Parientes de todas las procedencias, incluso de más allá del valle, abarrotaban la casa donde hicimos el velatorio. Yo esperaba sentado en las escaleras cualquier indicación de mi madre o de Encarnación, pero estaban tan atareadas recibiendo los pésames de la gente que apenas tenía tarea por hacer. Entonces saltaba hacia el poyete de la ventana y me asomaba sosteniéndome a pulso para ver a mi abuelo en el interior de la habitación donde todos se despedían de él.

Lo veía observar de mala gana a todos los asistentes, ignorando las cariñosas palabras que le dedicaban y los cuánto te echaremos de menos y los qué vamos a hacer ahora y los por qué te has tenido que ir con lo que te necesitamos todavía.

De vez en cuando sentía sus pupilas clavadas en las mías y entendía perfectamente la frustración que sentía mi abuelo allí tumbado, escuchando a gente con la que no tenía ganas de hablar y, encima, con los brazos cruzados.

El tercer día después de la primera semana de vela, ya casi todos los compromisos habían desfilado por la casa para mostrarnos sus condolencias. Mi madre comenzaba a dar muestras de cansancio, pero Encarnación se esmeró más que nunca matando el cochino que habíamos cebado durante los dos últimos años y preparando comida en abundancia en previsión de que, con la proximidad del entierro, todo pudiese alargarse aún más.

Como no me dejaban entrar ni a solas ni acompañado en la habitación donde estaba mi abuelo, a pesar de la gran cantidad de veces que me indicó con la cabeza que pasara cuando me veía apoyado en el quicio de la puerta, no me quedaba más remedio que continuar observándolo, a hurtadillas, sostenido desde el poyete de la ventana.
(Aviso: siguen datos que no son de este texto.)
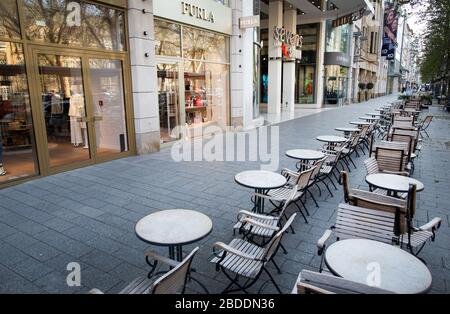 Düsseldorf, Deutschland. April 2020. Ein geschlossenes Straßencafé an der Königsallee in Düsseldorf. Um das Coronavirus einzudämmen, bleiben die meisten Geschäfte in NRW geschlossen. Kredit: Martin Gerten / dpa / Alamy Live News Stockfoto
La última vez que lo vi entendí claramente su intención de huir antes del entierro y no volver a aparecer por allí, pero no quiso hacerlo sin antes despedirse de mí, aunque fuera desde la ventana. Yo le dije que lo entendía, que, incluso, si estuviera en su situación no habría esperado tanto tiempo para marcharme; es más, ni siquiera me hubiera dejado cruzar los brazos aunque hubieran hablado conmigo José, Encarnación o todo el pueblo junto.

Entonces comenzaron a temblarme los brazos de mi propio peso y tuve que bajar para descansar, pero, cuando volví a asomarme, mi abuelo ya no estaba allí.